— Должно найтись что-то, чего боится, — уверенно заявил Эвмен, — у каждого человека есть свой страх.
Так они и проступили. Гнатон, помощник кардийца, потребовал разговора с критянином наедине. Гефестион разрешил. Дознаватель вошёл в допросную, когда солнце только-только поднялось над крышами, а вышел, когда оно уже достигло зенита.
— Ну что? — нетерпеливо затребовал отчёта Гефестион.
— Пока молчит, — ответил Гнатон, — но есть одна мысль… Возможно, получится развязать ему язык.
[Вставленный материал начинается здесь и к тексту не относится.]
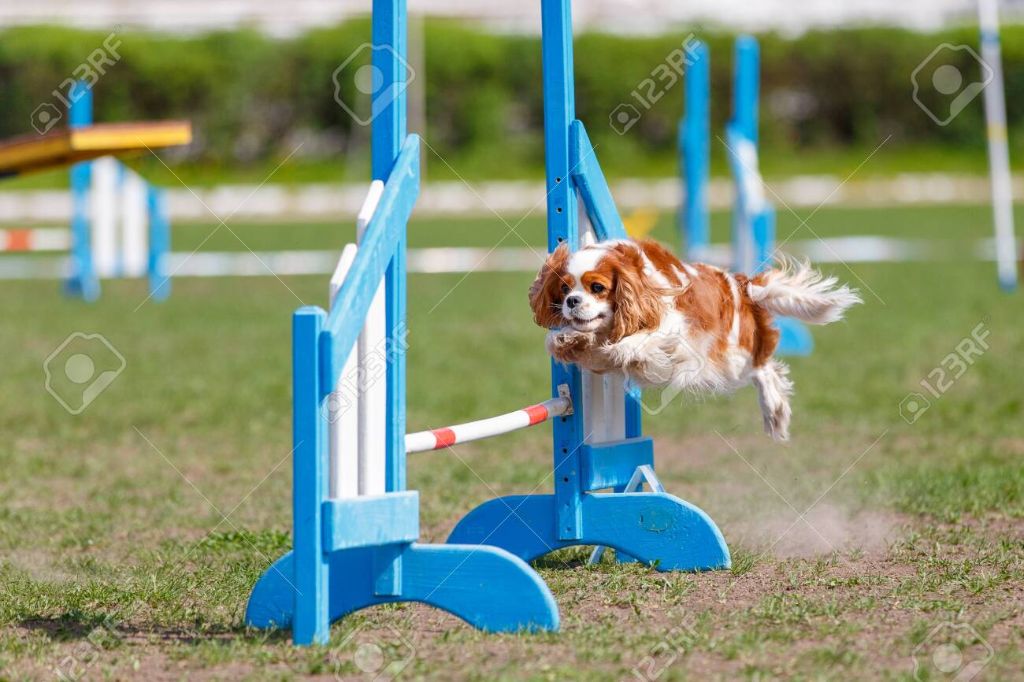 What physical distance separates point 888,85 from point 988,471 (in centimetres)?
3058

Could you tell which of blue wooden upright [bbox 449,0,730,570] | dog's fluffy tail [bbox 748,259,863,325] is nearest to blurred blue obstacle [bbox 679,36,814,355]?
dog's fluffy tail [bbox 748,259,863,325]

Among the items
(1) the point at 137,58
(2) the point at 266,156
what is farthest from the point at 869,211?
(1) the point at 137,58

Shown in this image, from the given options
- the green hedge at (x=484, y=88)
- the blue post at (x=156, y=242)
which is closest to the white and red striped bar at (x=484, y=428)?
the blue post at (x=156, y=242)

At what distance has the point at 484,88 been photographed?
34.8 meters

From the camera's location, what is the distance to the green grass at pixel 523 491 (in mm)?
3572

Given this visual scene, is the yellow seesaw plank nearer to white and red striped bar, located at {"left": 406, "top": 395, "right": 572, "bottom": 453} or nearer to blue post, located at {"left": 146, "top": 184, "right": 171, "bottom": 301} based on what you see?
white and red striped bar, located at {"left": 406, "top": 395, "right": 572, "bottom": 453}

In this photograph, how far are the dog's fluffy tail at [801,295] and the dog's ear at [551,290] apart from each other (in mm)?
862

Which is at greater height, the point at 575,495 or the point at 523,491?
the point at 575,495

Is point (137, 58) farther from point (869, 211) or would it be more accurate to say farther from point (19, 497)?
point (19, 497)

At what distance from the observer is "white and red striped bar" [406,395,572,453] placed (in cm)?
392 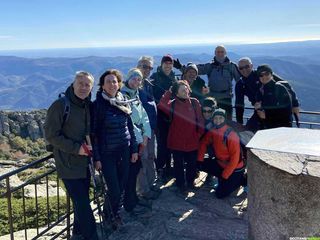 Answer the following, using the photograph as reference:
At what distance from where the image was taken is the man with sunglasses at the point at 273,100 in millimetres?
6969

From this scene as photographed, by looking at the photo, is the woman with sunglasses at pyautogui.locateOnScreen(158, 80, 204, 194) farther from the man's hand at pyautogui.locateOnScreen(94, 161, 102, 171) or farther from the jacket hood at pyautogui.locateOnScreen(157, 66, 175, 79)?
the man's hand at pyautogui.locateOnScreen(94, 161, 102, 171)

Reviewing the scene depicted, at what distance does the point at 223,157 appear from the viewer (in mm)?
7121

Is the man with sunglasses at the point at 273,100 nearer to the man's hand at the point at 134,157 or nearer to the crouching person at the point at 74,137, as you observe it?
the man's hand at the point at 134,157

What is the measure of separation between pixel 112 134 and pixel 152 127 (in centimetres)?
156

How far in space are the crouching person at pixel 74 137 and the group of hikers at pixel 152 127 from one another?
0.04 feet

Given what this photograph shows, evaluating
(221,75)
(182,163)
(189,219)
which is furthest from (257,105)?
(189,219)

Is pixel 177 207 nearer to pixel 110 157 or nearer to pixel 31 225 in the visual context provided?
pixel 110 157

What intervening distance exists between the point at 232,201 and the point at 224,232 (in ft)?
4.19

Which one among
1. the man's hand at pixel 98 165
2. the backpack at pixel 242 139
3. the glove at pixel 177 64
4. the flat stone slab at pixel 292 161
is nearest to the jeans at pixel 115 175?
the man's hand at pixel 98 165

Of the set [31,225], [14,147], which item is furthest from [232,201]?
[14,147]

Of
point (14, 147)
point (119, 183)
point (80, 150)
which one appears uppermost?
point (80, 150)

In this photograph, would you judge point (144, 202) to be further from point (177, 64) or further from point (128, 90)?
point (177, 64)

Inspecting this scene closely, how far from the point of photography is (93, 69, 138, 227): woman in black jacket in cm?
533

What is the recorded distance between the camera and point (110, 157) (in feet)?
18.1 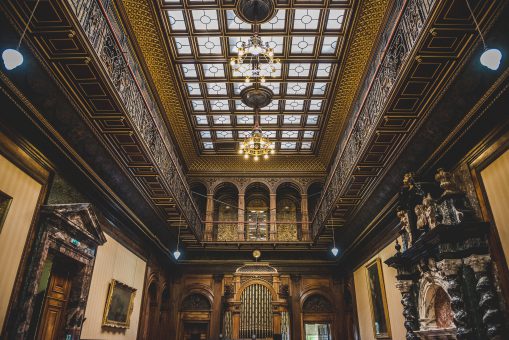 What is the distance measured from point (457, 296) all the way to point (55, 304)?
21.5 feet

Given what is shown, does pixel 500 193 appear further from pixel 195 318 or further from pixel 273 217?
pixel 195 318

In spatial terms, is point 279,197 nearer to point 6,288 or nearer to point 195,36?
point 195,36

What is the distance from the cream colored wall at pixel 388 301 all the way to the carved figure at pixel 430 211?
2362 mm

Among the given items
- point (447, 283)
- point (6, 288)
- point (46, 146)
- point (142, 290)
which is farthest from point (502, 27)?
point (142, 290)

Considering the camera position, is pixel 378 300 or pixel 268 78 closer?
pixel 378 300

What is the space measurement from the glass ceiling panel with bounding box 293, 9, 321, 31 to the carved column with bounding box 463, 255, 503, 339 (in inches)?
242

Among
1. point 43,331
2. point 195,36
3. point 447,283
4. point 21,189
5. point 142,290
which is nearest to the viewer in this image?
point 21,189

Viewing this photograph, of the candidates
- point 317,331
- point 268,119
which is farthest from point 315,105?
point 317,331

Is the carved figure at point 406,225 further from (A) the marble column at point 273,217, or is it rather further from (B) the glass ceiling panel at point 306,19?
(A) the marble column at point 273,217

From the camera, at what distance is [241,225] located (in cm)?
1330

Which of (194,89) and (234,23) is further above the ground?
(234,23)

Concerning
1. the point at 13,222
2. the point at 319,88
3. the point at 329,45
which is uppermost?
the point at 329,45

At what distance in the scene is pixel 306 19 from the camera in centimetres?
856

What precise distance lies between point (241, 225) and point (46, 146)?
849 cm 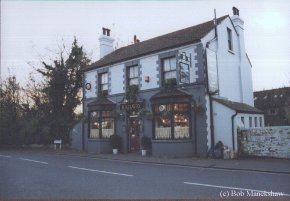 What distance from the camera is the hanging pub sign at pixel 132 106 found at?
754 inches

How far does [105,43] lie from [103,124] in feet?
29.2

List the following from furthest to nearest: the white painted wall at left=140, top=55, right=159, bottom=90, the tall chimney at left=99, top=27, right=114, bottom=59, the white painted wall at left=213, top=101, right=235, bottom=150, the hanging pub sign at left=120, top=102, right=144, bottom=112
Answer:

Я должен посоветоваться с господином архиграмматиком.
— Ну, советуйся, — не скрывая разочарования, протянул Гефестион.
Эвмен внимательно выслушал помощника и с предложением его согласился. Вызвал Иеронима. Когда тот вошёл, распорядился:
— Пригласи Анхнофрет, скажи, мне нужна её помощь.
Оставшись один, тяжело поднялся с постели (ноги ещё плохо держали, но и валяться дальше уже не было никакой мочи), прошёлся по комнате, постоял у окна. Сел за стол, взял в руки стленгиду. Мастер принёс её в приёмный покой царя как раз в день покушения. Про подарок забыли.
«А ведь они, болтуны досужие, как в воду глядели. Ведьма… Как же я сам-то не догадался…»
Эвмену на мгновение показалось, что Артемида повернула к нему лицо и недобро усмехнулась. Кардиец вздрогнул.
«Привидится же…»
Он устало провёл ладонью по лицу, стирая липкий пот. К северу от Киликийских Врат ещё лежал снег, а здесь, на побережье, солнце жарило по-летнему. Ставни окна широко распахнуты, но ни малейшего движения воздуха не ощущается. Зато мух, очнувшихся от спячки, налетело видимо-невидимо. Облепили стены, вьются вокруг, противно зудят на десятки голосов. То и дело Эвмен ощущал раздражающие невесомые прикосновения к коже и волосам, от которых его передёргивало.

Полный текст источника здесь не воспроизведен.